と囁く。エマはその名前を聞き、どきりと体を硬直させた。魔王は何かを試すように、彼女の顔をそうっと覗き込んだ。


「エマの一番の魅力である鎖骨も出てるし」

「……」

「……どうした?」

「ウィル。私のこと、嫌いになった?」


 ウィルは少し顔をこわばらせてから、エマの肩を静かに抱き寄せる。


「実は……」


 エマはぎゅうっと目をつぶった。


「さっき、テオドールと話したんだ」


 エマは意外な話に驚いて顔を上げ、目を見張る。


「あいつ、俺を部屋に呼び出して……何て言ったと思う?」


 エマは顔を青くする。


「竜族のために彼女を犠牲にして申し訳ないって、謝って来たんだよ。そんで、エマは悪くない、協力してくれて本当に感謝している、とか言って来て……」


 エマはうつむき、ウィルは少し笑う。


「あいつは短剣で切られて出血していて、起き上がれず、寝たままだった。それでも俺を呼び出して、そう言ったんだ。何かそれを見たら……凄く気分が萎えて」


 風が弱まって来ている。


「許せないはずなんだが、怒りも出来なくなって、落ち込んだ。で、物凄く落ち込んで、今──ここに来たんだ」


 マントごしにウィルの体温が伝わって来て、エマは熱くなった目をこする。


「あいつもあいつなりに、エマと竜族を守ろうとしてる。エマだって竜族の手前、やむにやまれず協力の道を選んだ」


 エマは目を押さえ、小さくしゃくり上げる。


「そう理解してしまったら、怒るに怒れなくて」


 エマは首を横に振った。


「ウィル、怒ったっていいのよ。私、怒られて当然のことをしたんだもの」


 と、魔王が肩から手を離し、今度はエマの指先を握って来た。エマはようやくほっとして、前を向いた。

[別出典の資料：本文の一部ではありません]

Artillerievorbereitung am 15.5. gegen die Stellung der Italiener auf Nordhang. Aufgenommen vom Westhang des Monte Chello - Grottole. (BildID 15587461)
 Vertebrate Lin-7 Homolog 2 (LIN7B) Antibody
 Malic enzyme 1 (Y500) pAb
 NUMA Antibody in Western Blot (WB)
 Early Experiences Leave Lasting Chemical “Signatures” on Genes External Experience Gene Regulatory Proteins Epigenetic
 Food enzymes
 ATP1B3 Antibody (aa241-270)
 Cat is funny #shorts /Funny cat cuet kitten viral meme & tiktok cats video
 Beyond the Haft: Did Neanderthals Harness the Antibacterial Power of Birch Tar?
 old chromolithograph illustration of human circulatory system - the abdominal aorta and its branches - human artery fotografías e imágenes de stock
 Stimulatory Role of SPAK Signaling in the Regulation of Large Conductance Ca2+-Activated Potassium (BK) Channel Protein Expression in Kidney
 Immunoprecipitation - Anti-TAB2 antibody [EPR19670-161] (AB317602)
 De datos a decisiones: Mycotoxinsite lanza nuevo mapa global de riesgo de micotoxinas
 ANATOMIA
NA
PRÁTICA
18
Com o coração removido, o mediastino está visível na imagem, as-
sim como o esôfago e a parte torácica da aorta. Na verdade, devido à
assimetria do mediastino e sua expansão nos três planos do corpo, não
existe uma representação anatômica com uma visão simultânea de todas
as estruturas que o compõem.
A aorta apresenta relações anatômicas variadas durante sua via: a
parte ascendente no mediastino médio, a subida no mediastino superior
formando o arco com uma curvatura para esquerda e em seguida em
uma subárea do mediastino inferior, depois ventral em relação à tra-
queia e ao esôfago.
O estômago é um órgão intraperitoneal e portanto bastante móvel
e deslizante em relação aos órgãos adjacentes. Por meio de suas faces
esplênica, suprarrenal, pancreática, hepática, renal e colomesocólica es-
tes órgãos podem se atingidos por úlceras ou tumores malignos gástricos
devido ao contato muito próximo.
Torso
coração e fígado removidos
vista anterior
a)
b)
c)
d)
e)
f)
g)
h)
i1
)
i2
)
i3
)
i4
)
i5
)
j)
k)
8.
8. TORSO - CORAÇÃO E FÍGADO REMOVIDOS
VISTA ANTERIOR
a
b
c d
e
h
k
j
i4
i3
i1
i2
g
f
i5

「むしろ私……あなたが怒ってくれない方が、落ち込むかもしれないわ」


 ウィルは首を傾げる。


「……そうかな」

「ごめんなさい、ウィル」

「……エマまで謝って来るなよ。まだ俺は謝られたって、許すと決めたわけじゃないんだからな」


 エマの表情が凍る。


 ウィルは悲し気に微笑んでいる。


 そうだ。あんな傷つけるようなことをして、許してくれなんて虫がよすぎる。


 エマが肩を落としていると、魔王は彼女の頬を撫でながら呟いた。


「……まぁ、お前がどうしても許してほしいと言うのなら、許してやろう。ただし、条件がある」


 エマは弾けるようにウィルを見上げた。


「じょ、条件?」


 魔王はにやりと笑った。


「お前の一生を魔王に捧げろ」


 エマの頬はみるみる色を取り戻して行く。ウィルはそれをうっとりと眺めると、エマの両の手を取った。


「……いいの?ウィル」

「何を言ってるんだ?監禁した上、毎日嫌がらせの拷問を行うんだぞ。何ならはずかしめもある。俺は若いままだがお前はみずぼらしく老け、日々その差を呪うだろう。地獄の毎日が始まるのだ。それでも逃げられないんだぞ、エマ」


 エマはウィルを見つめたまま、ぼろぼろと涙をこぼした。こわばっていた体の芯がようやくふにゃりと溶け、同時に体中に熱が駆け巡るのが分かる。


「うう……ウィル……」

「お返事は?」

「愛してる」

「おかしいな。言葉、ちゃんと通じてる?」

「好き……」

「だから、返事」

「はい」

「よし、分かった。じゃあ約束だからな、竜の城を出たら、お前を魔王城に監禁する。外に出さない、二度と」

「……はい」

「よし。許してやろう」

「……馬鹿」


 エマの涙をウィルの手が拭う。その濡れた指先が彼女の唇に触れる。エマは目を閉じた。


 二人の唇が重なり合う。


 魔王の唇は冷たく、凍えるように震えていた。